Explain to me, as a complete beginner with very little electronics experience, how to wire and control G-scale model railway points (turnouts) using an Arduino and standard RC servos. No coding is required at this stage—focus only on wiring and the physical setup.

Please include:

  1. A simple explanation of how a servo works in the context of point control.
  2. A clear list of the exact parts needed (Arduino model, servo types, power supply, connectors, optional switches, etc.).
  3. The safest way to power servos outdoors on a garden railway.
  4. A wiring diagram described in words—explain where each wire goes.
  5. How to prevent electrical noise or brown-outs by isolating servo power from the Arduino.
  6. How to add a manual switch or push-button to change the point position in addition to Arduino control.
  7. Tips for waterproofing, cable choice, and protecting the servo outdoors.
  8. Common beginner mistakes and how to avoid them (servo jitter, wrong power supply, poor connections, grounding issues).
Write the explanation in very simple language with no jargon unless it is explained. Imagine you are teaching someone who has never wired a servo before.
 
GUIDE, being the operative word here!!!
Oh Yeah the number of times I have caught it out is big. If in doubt I feed the answer into another one and see what it says then feed that back into the first one playing one against the other is sometimes entertaining.
 
does that mean, that servos need to have a three cable input, like the first LGB point-motors, for moving forward and back?
A servo does have a three cable input..
Positive and Negative supply, and a control signal.

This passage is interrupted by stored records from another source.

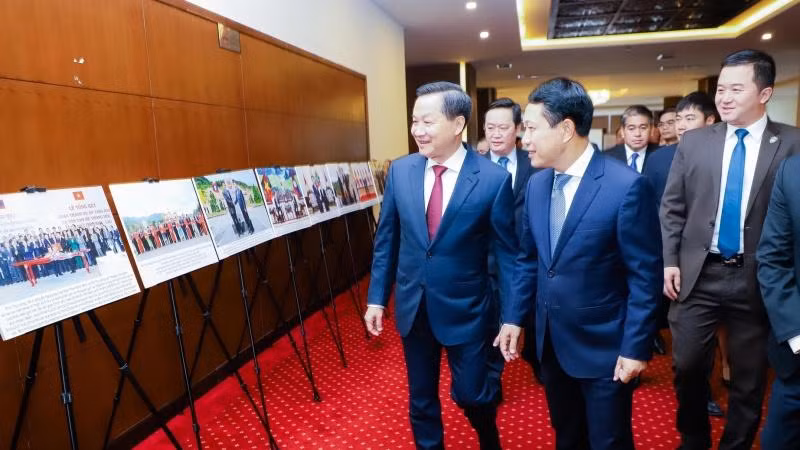 Phó Thủ tướng Chính phủ Việt Nam-Lào tham quan trưng bày ảnh hoạt động hợp tác hữu nghị hai nước. Phó Thủ tướng Chính phủ Việt Nam-Lào tham quan trưng bày ảnh hoạt động hợp tác hữu nghị hai nước.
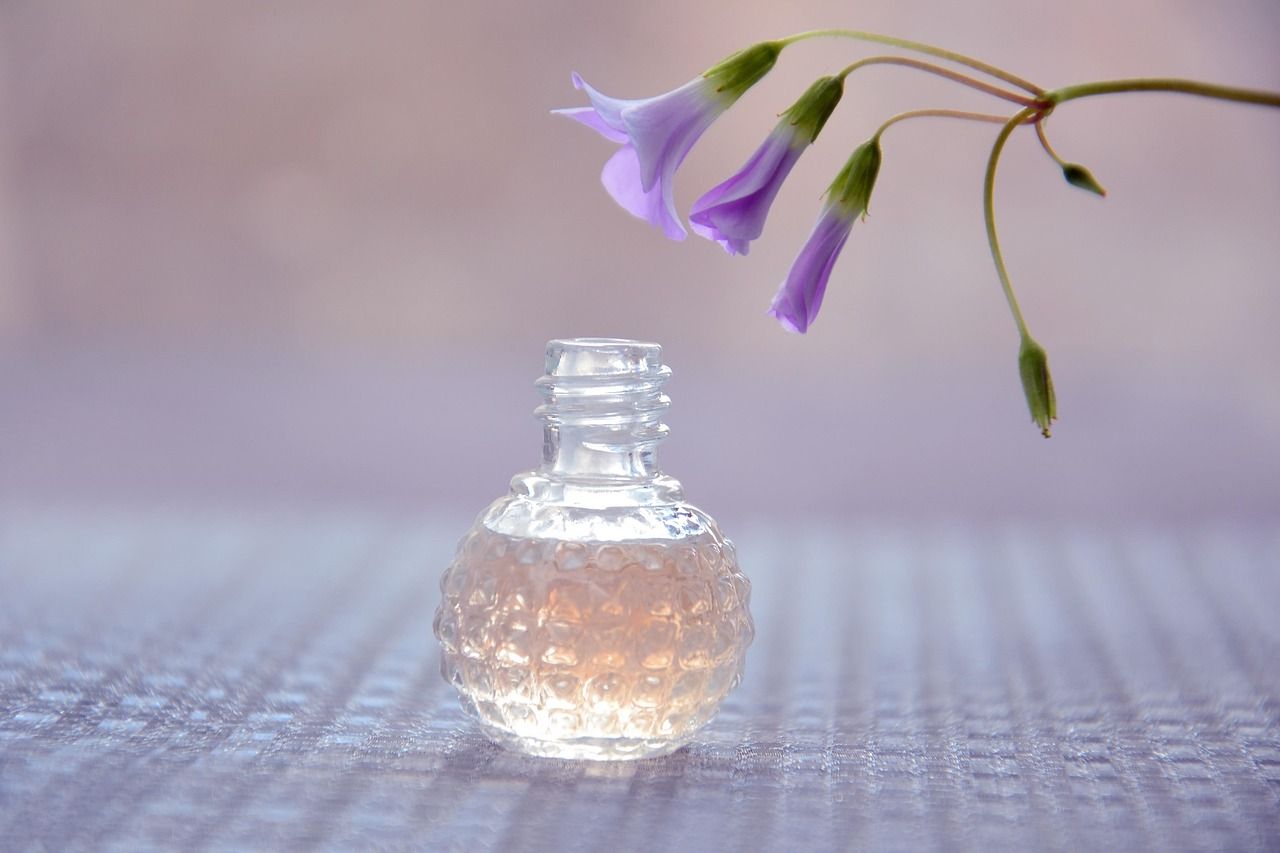 Odpowiedniki perfum: Kiedy warto zdecydować się na tańszą wersję?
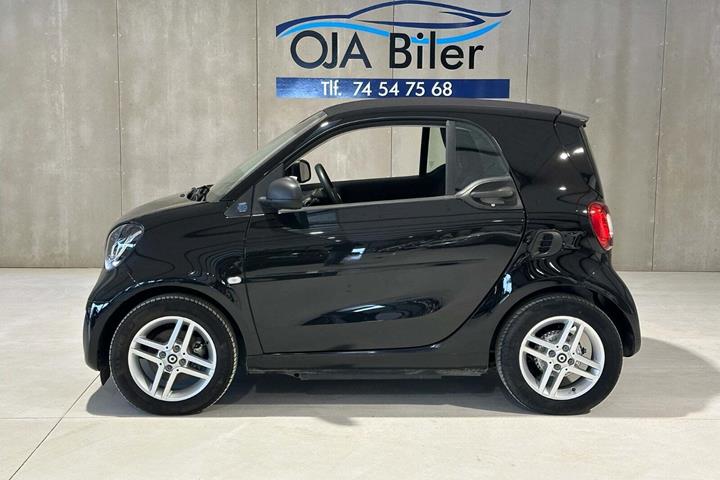 Sort Smart Fortwo fra 2021
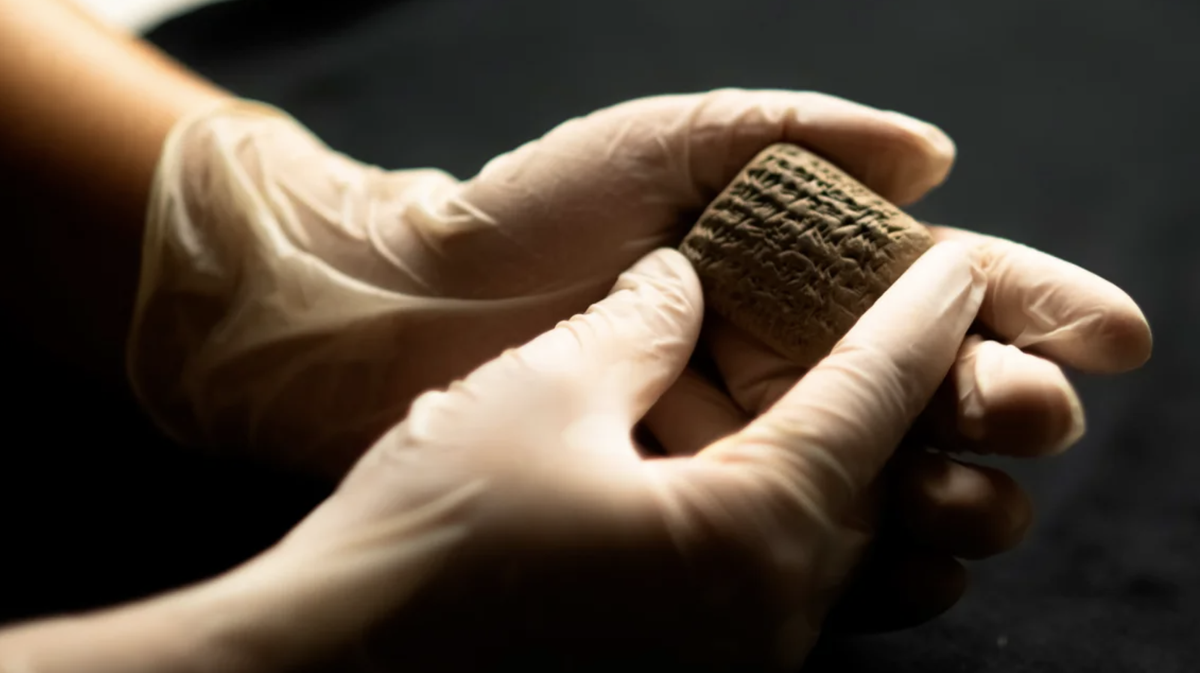 Archaeologists unearth 3,500-year-old tablet following earthquake [Video]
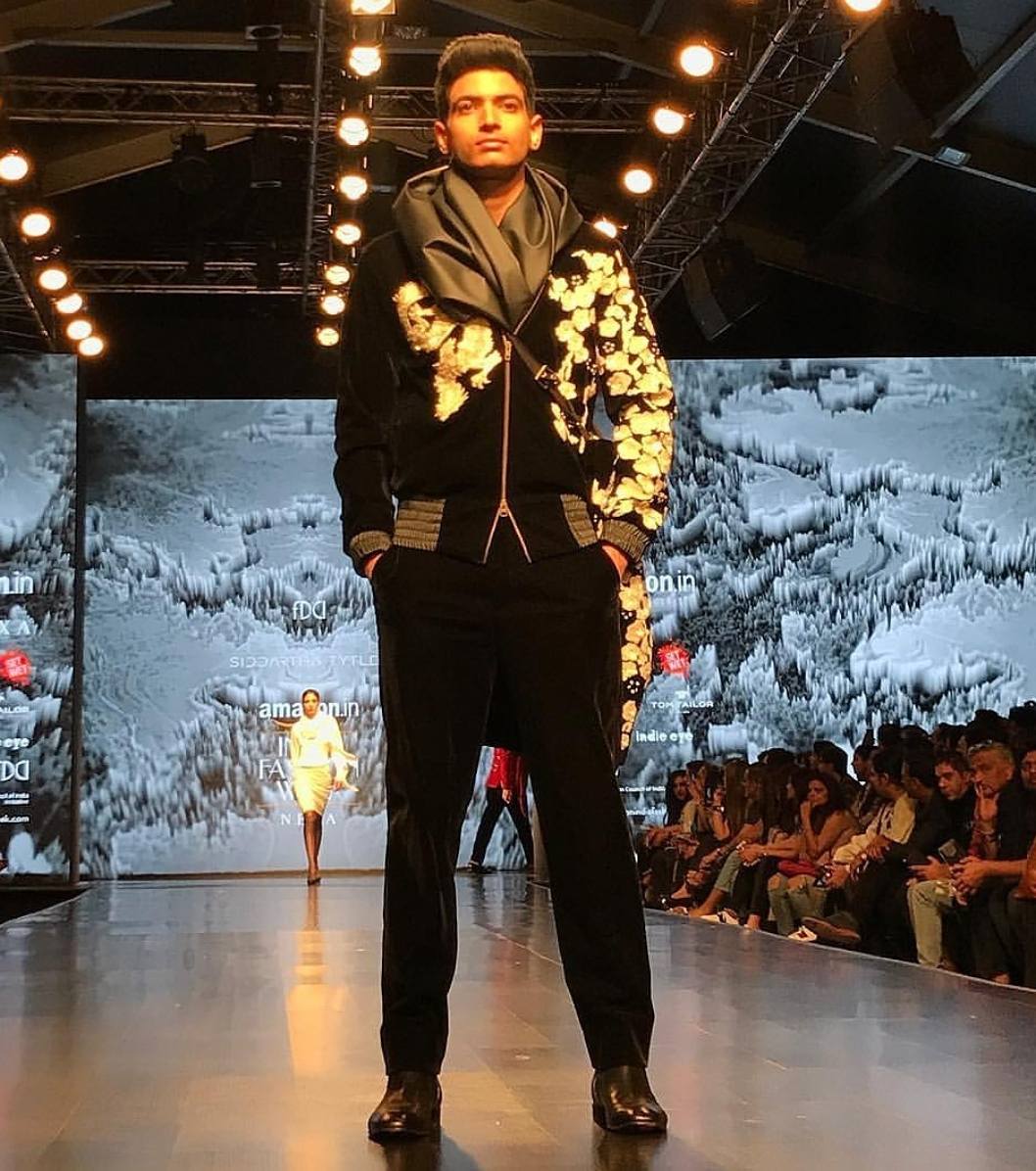 modistadxb's tweet photo. Siddartha Tytler at @thefdci #amazonindiafashionweek
Day 4
#AIFWAW18 #aifw @sidtytler #siddarthatytler #sidtytler #thefdci #letitpret #menswear #womenswear #mensfashion #indiandesigners #fashionstyle #fashiondaily #celebrity #fashionweek #fashionlovers #fashionistas #modistadxb https://t.co/kU2FRaowzV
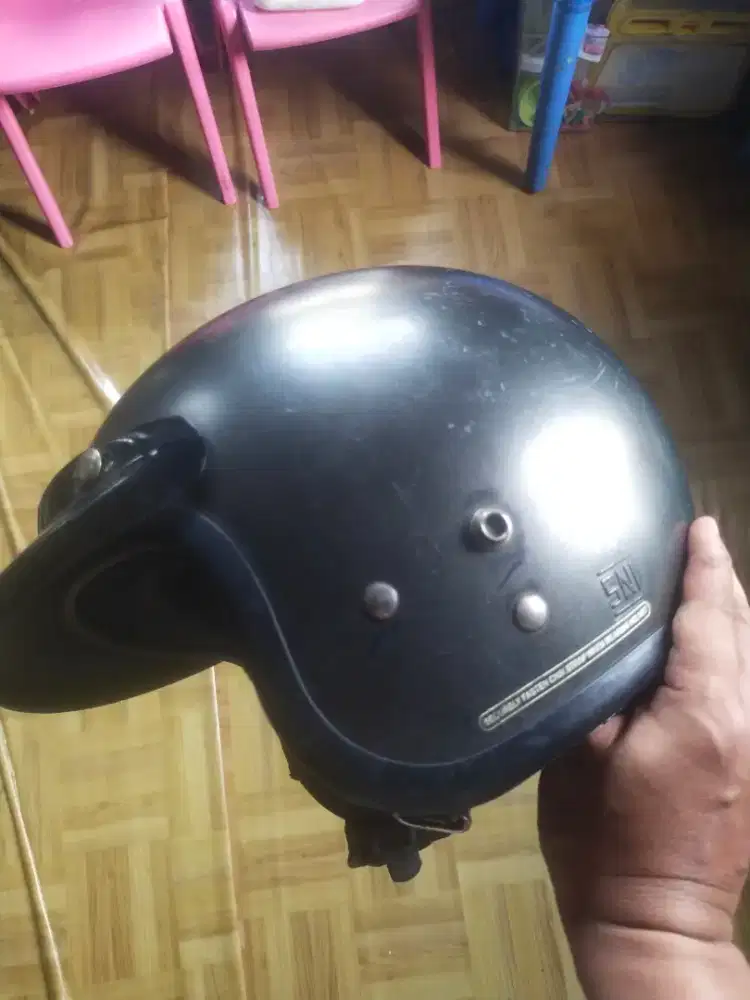 Helm cargloss bekas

There is some electronics in a servo, then work by having a (roughly) 1.0 - 2.0ms width pulse sent to them. - 1.5ms being the notional 'centre' position.

Most servos have around 90° of rotation as standard.
Some will allow you to 'extend' this to around 130 - 150°.

There are also continuous turn servos. - The model boat people refer to them as Capstan Servos.
These tend to stop/hold at the neutral (mid) point, then rotate one way or the other, when the signal is either side of the mid-point.

PhilP.
 
Interesting. I've been using LGB point motors which are basically a form of solenoid for over twenty years. I've had to replace three of them in that time as they became too rusty to work reliably. They don't have waterproof enclosures in fact they're hardly even damp proof.

OK - they have been designed to work outdoors whereas SEEP aren't. But I think you might be able to get away with something a little less complicated than AI is suggesting.